2, GPU costed 828ms, CPU costed just 19ms, nearly 50 times faster for CPU, even considering the clock frequency gap, there is still 16 times gap.

So I wonder if GPU is suitable for this kind of computing or not. In the code you can see the iteration logic for variable ‘test’. Or why it is slow for this case in GPU? Or if there is any optimization for this kind of code? Thanks.

Additional info:
1, Enviroment: Cuda 9.0.176 + Visual Studio 2017 community
2, I confirmed both programs (cu for GPU and c for CPU) are built using ‘X64’ and ‘Release’ option.

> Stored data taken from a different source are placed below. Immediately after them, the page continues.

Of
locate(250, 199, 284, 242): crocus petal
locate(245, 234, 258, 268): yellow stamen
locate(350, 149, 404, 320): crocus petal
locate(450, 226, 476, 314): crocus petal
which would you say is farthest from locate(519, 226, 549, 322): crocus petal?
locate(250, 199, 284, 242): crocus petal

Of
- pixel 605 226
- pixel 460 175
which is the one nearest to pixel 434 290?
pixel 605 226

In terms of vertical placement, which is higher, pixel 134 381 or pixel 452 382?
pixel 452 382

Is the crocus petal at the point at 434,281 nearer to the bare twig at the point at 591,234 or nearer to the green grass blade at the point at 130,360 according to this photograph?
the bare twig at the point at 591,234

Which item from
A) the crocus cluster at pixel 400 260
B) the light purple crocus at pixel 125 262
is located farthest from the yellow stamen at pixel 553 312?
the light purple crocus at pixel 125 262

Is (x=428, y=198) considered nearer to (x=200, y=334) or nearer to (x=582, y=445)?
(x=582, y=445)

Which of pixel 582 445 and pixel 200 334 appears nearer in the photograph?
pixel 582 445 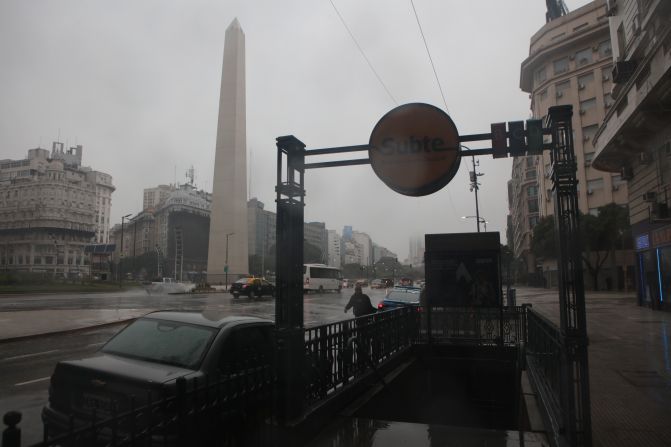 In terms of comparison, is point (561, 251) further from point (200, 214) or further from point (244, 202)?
point (200, 214)

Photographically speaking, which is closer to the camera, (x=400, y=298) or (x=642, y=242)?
(x=400, y=298)

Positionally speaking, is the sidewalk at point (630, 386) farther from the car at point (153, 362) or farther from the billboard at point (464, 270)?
the car at point (153, 362)

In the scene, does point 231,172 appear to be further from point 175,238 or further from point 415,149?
point 175,238

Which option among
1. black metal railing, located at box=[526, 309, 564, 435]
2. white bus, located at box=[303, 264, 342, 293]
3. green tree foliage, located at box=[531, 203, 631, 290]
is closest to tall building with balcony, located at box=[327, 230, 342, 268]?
white bus, located at box=[303, 264, 342, 293]

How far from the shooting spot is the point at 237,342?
5.23 metres

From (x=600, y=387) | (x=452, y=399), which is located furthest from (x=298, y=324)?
(x=452, y=399)

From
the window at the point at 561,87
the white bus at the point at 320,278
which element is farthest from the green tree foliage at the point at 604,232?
the white bus at the point at 320,278

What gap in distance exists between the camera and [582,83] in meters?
56.7

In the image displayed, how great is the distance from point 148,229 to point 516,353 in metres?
142

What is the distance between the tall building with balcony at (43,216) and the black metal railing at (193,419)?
A: 193 ft

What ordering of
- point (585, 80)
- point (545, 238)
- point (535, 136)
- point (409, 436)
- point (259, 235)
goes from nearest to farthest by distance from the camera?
1. point (535, 136)
2. point (409, 436)
3. point (545, 238)
4. point (585, 80)
5. point (259, 235)

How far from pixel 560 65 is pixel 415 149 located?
6443 cm

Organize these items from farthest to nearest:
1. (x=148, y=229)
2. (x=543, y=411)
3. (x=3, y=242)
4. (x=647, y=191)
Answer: (x=148, y=229)
(x=3, y=242)
(x=647, y=191)
(x=543, y=411)

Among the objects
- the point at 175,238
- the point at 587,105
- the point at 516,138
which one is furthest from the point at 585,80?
the point at 175,238
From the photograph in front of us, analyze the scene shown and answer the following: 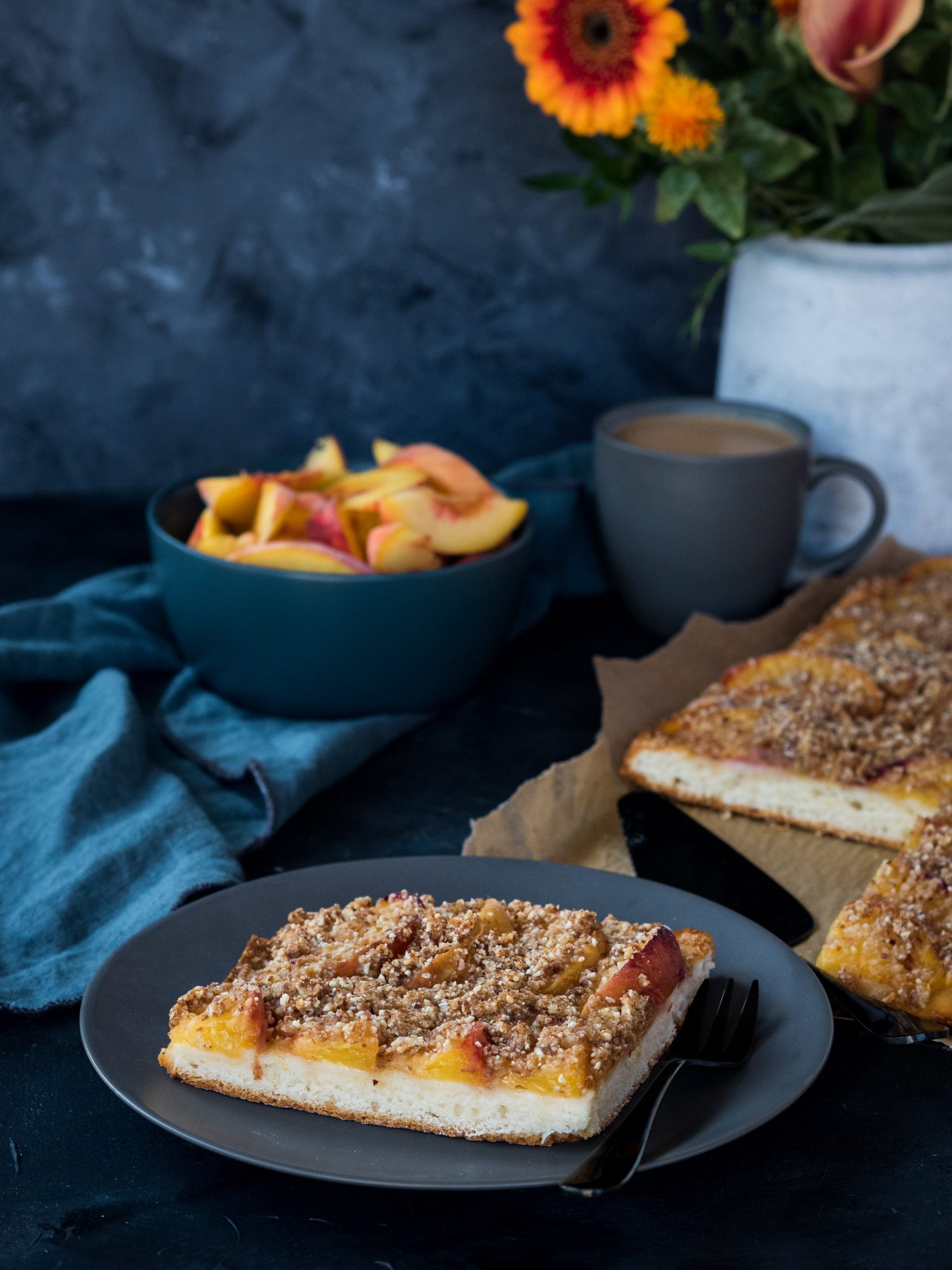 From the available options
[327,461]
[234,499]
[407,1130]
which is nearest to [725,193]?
[327,461]

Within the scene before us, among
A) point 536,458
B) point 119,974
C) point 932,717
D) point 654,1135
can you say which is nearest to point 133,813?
point 119,974

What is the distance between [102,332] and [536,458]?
2.21 ft

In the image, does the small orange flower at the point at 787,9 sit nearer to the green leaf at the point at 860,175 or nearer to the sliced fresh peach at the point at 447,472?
the green leaf at the point at 860,175

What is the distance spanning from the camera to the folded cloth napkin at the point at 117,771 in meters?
1.10

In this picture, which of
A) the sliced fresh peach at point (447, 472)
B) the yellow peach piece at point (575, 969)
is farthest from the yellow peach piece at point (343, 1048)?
the sliced fresh peach at point (447, 472)

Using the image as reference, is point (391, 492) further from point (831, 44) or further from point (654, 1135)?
point (654, 1135)

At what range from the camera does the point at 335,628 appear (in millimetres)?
1396

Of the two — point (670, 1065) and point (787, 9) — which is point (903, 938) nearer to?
point (670, 1065)

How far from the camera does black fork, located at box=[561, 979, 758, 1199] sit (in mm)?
735

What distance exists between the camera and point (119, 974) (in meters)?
0.92

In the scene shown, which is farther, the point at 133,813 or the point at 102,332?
the point at 102,332

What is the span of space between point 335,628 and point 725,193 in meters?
0.69

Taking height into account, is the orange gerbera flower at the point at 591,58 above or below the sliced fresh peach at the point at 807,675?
above

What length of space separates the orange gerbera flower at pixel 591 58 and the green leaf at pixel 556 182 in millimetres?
185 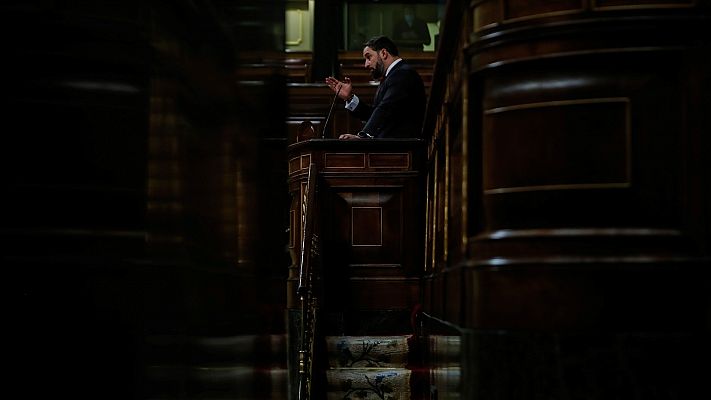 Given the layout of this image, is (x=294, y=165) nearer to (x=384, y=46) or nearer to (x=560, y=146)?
(x=384, y=46)

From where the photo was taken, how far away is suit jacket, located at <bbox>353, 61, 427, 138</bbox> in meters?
5.77

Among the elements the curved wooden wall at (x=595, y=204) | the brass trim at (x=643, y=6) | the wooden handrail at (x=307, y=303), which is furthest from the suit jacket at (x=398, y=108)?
the brass trim at (x=643, y=6)

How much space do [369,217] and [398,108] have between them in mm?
811

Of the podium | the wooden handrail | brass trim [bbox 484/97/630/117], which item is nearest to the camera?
brass trim [bbox 484/97/630/117]

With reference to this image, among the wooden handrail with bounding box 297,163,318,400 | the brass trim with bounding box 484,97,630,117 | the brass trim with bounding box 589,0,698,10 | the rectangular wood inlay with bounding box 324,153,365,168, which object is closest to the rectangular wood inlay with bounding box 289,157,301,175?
the rectangular wood inlay with bounding box 324,153,365,168

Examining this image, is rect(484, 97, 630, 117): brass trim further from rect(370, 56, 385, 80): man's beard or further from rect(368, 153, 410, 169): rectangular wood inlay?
rect(370, 56, 385, 80): man's beard

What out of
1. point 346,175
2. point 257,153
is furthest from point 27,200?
point 346,175

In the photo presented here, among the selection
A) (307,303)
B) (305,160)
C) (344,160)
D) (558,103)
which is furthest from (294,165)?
(558,103)

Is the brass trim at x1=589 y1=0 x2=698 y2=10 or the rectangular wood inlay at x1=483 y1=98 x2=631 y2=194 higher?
the brass trim at x1=589 y1=0 x2=698 y2=10

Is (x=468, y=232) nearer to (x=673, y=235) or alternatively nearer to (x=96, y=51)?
(x=673, y=235)

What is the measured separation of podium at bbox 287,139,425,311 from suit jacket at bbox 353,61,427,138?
11.6 inches

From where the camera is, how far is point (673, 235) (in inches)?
89.9

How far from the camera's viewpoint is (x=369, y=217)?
549 cm

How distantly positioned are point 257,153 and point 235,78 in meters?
0.19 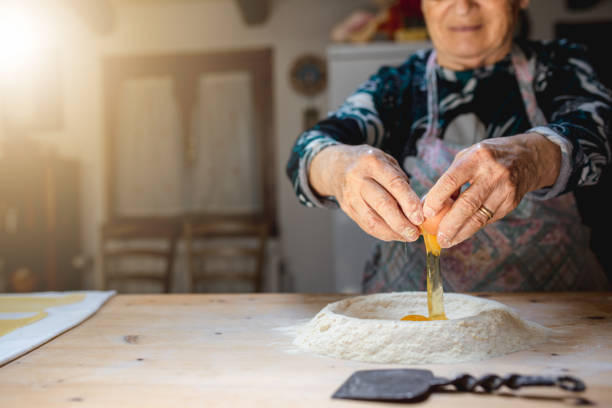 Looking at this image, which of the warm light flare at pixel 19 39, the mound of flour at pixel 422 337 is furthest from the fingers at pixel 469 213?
the warm light flare at pixel 19 39

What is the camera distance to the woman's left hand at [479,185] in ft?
2.47

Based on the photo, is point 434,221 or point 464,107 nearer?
point 434,221

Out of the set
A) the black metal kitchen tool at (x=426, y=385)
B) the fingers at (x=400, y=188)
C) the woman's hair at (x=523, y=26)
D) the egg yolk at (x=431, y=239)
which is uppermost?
the woman's hair at (x=523, y=26)

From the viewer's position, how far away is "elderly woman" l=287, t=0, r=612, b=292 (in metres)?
1.01

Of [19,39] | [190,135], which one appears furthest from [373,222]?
[19,39]

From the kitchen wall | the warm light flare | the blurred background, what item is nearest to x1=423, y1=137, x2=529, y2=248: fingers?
the blurred background

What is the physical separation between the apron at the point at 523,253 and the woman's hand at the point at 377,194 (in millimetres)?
382

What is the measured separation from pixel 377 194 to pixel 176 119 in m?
3.27

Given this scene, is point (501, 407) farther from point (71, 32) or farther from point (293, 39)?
point (71, 32)

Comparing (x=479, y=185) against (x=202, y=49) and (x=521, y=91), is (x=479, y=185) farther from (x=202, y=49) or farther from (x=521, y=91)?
(x=202, y=49)

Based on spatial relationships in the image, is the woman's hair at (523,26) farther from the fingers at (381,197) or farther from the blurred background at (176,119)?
the fingers at (381,197)

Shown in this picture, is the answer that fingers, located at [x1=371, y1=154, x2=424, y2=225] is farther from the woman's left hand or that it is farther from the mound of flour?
the mound of flour

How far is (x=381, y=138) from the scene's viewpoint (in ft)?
4.29

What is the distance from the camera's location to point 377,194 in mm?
806
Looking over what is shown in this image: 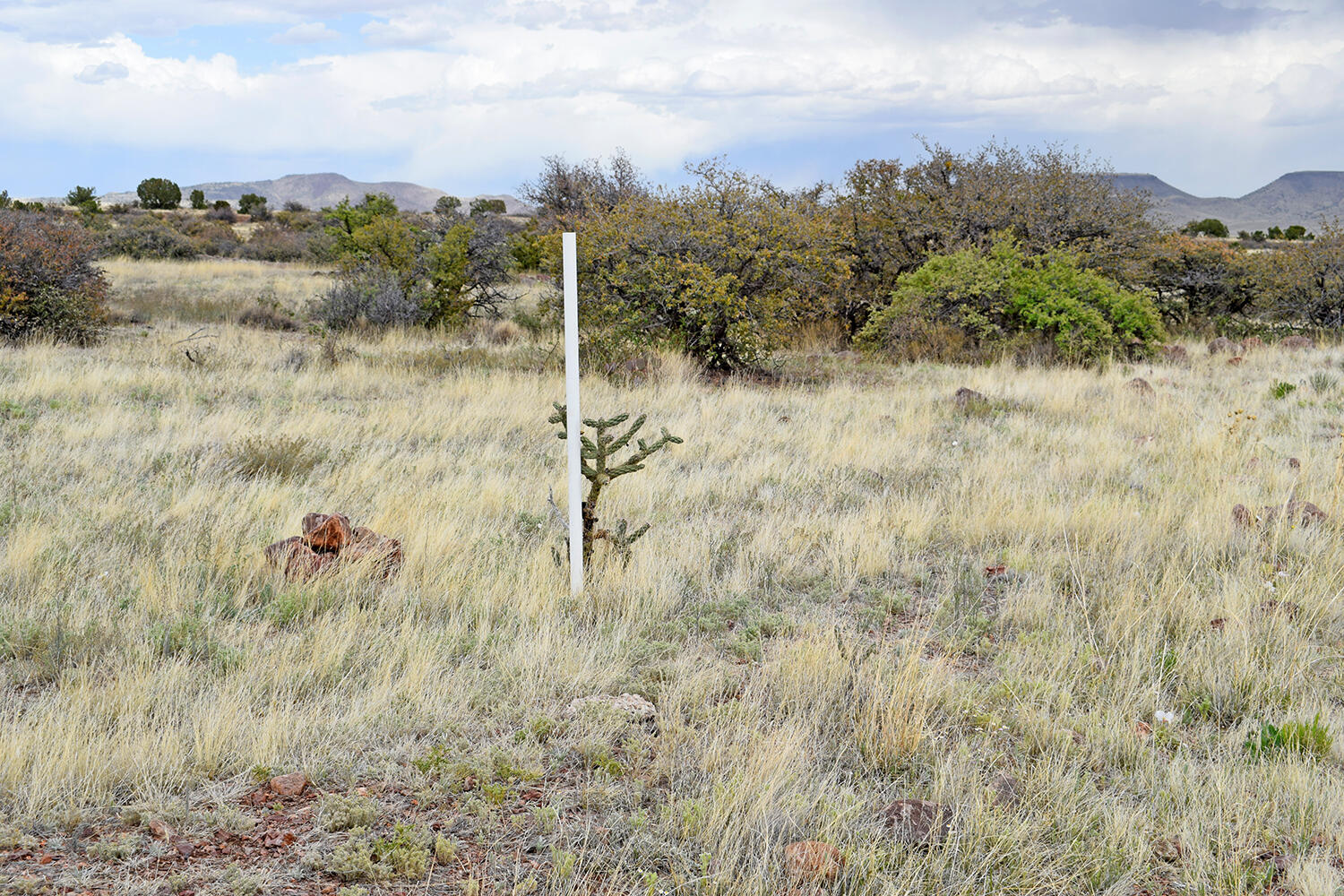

CPU is designed to run tens of threads in parallel. GPU is designed to run tens of thousands of threads in parallel. There’s no point in running a GPU in a single-thread configuration.

Seriously what do you expect from using 1 CUDA core out of e.g 3.584 cores on a GTX 1080Ti?

if “this kind of computing” means running single threaded, then the answer is a clear no. The GPU is not suitable for running single (or just a few) threads.

The GPU speed gain comes from using all of them at once.

Christian

This looks like it’s intended to be some sort of reduction; if so, then yes, you can parallelize it quite well with CUDA. Check out thrust::reduce (https://thrust.github.io/doc/group__reductions.html).

The purpose of the test is to check the computing performance for a single core of GPU, before I leverage all of the cores.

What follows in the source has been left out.